From: Rutledge, Mike (CMG-Dayton) [mailto:Mike.Rutledge@coxinc.com]

Sent: Wednesday, January 25, 2017 3:04 PM To: Adkins, Doug <douga@cityofmiddletown.org>; Mulligan Jr, Larry <larrym@cityofmiddletown.org>; Bronston, Dora <dorab@cityofmiddletown.org>; Picard, Dan <danp@cityofmiddletown.org>; Moon, Talbott <talm@cityofmiddletown.org>; Bohannon, Steve <stevebo@cityofmiddletown.org>

Subject: Seeking reaction to Ohio Auditor David Yost that Middletown is showing signs of fiscal stress

Doug and members of City Council:

I’m seeking your reaction to this report from Ohio Auditor Dave Yost, who says Middletown is showing signs of elevated fiscal stress, indicating the possibility of financial trouble, especially if there is a recession, as the governor has predicted.

The following report, written by a Dayton Daily News reporter, already is posted online.

I’m wondering what you think of Dave Yost’s report.

The Auditor built this report based on data from 2015 and only from data without a working understanding of the goals, projects and flexibility each city has in its longer range plans.  The data represents a 2 year old data snapshot, not a working knowledge of ongoing operations.

I’m also wondering whether Yost’s office gave you a heads-up about this announcement and forwarded you the report.

Do you agree with his assessment? How concerned should city residents be about this situation? Anything else you’d like to say about this?

The report lacks the ability to place context in the data presented.  The City of Middletown has been completing extensive capital projects and has undertaken a number of deferred maintenance projects during the past two years that weren’t completed during the recession.  Our drawdown on reserves is by design and with a flexibility and understanding of which projects and staffing can and cannot be quickly changed in the event of a downturn in the economy.  We monitor revenues and expenses on an ongoing basis (and online on our web page for transparency), so any downturn would be seen in no more than 30 days.  We are simply not seeing a downturn in Middletown.  Quite the opposite.

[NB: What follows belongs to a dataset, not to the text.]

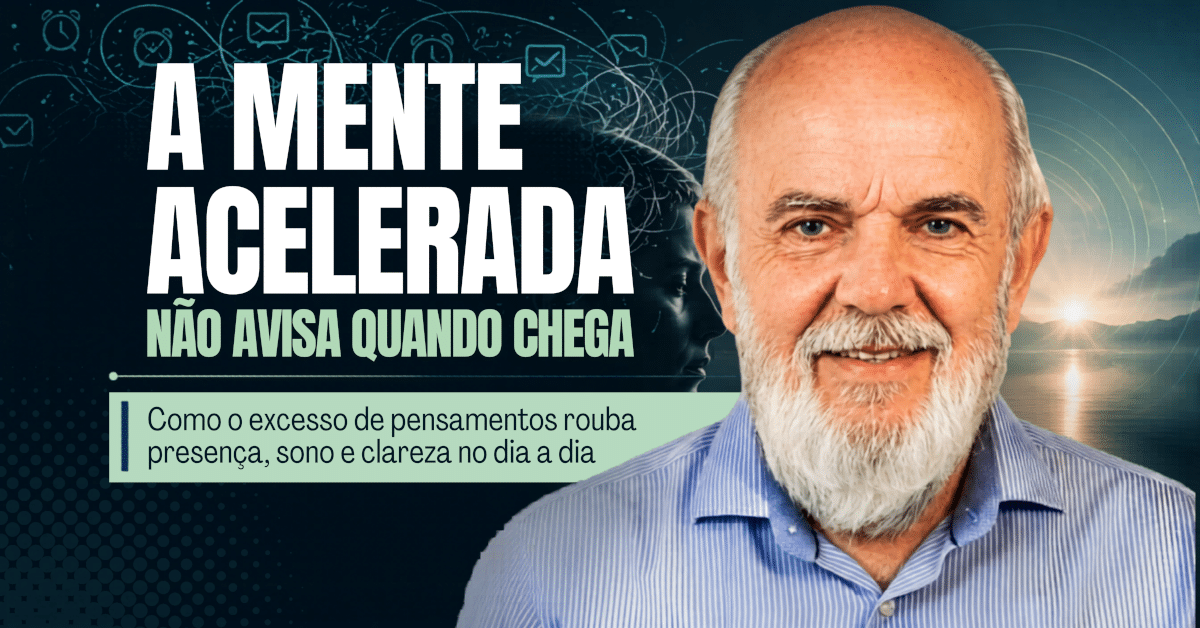A Mente Acelerada Não Avisa Quando Chega: Como Acalmar os Pensamentos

In 2016, income tax revenues were up in Middletown by over $700,000.   To put that in context, at a 1.75% income tax rate, that $700,000 in new tax revenue represents $40,000,000 in new payroll dollars over 2015.  We are adding new housing stock, new businesses and have several hundred manufacturing and health care positions that are open and available at this time.  We are hardly in a downturn.  There is currently over $750 million in new construction underway in Middletown.   The 2017 budget has over $12 million in new capital infrastructure projects.  

Several of the Auditor’s cautionary outlooks are monetary policy that was executed by the city after careful consideration and by design.  We are investing in infrastructure needed by our manufacturers to expand their businesses.  We have been involved with the land bank on a grant demolition program that reimburses after demolition.  We are, therefore, using general fund dollars for demolition but have not received the reimbursement.   We’ve opened 32 new downtown businesses in the past two  years and three new anchors at our mall.  AK Steel is just completing a new $36 million Research and Innovation Center on our east end.

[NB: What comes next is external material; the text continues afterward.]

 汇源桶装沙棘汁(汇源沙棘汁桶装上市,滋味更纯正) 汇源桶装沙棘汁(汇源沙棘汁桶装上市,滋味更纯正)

This was all accomplished despite the discontinuation of the inheritance tax which cost the city of Middletown about $800,000 per year in lost revenue, and with a steep reduction in the local government fund, leaving the city with an additional $900,000 less operating revenue annually than we had in 2010.

2015 is old news and this report is out of context with the current reality.  We all know that at some point we will see another recession.  We have the ability to curtail spending at any time as the economy and our revenues dictate.   We are not in financial distress and if the Auditor truly stated that we are on the highway to deep trouble, then I sure hope we stay on this current road as long as possible.   I’m not sure how we could be improving in all sectors much faster than we are right now.

Is Middletown doing anything in light of this report to stabilize its finances?  See above.

FYI, I have requested a copy of the report but do not yet have it.

Seeking your response ASAP, as the article already is posted online.

Thanks very much.

All the best,


2 thoughts on “Middletown heading for fiscal cliff, state auditor warns

    • It’s unfortunate to me that some in the media just want to take digs at Middletown. That story could have been a balanced story talking about the difficulties cities like Middletown face coming out of the recession and the work still to be done to shore up infrastructure and deal with issues like health care costs. It could have stated the concerns and also the successes since 2015 and the steps being taken to address the challenges since that data was produced in 2015. We are not all roses here, but to say we’re getting weaker is just silly.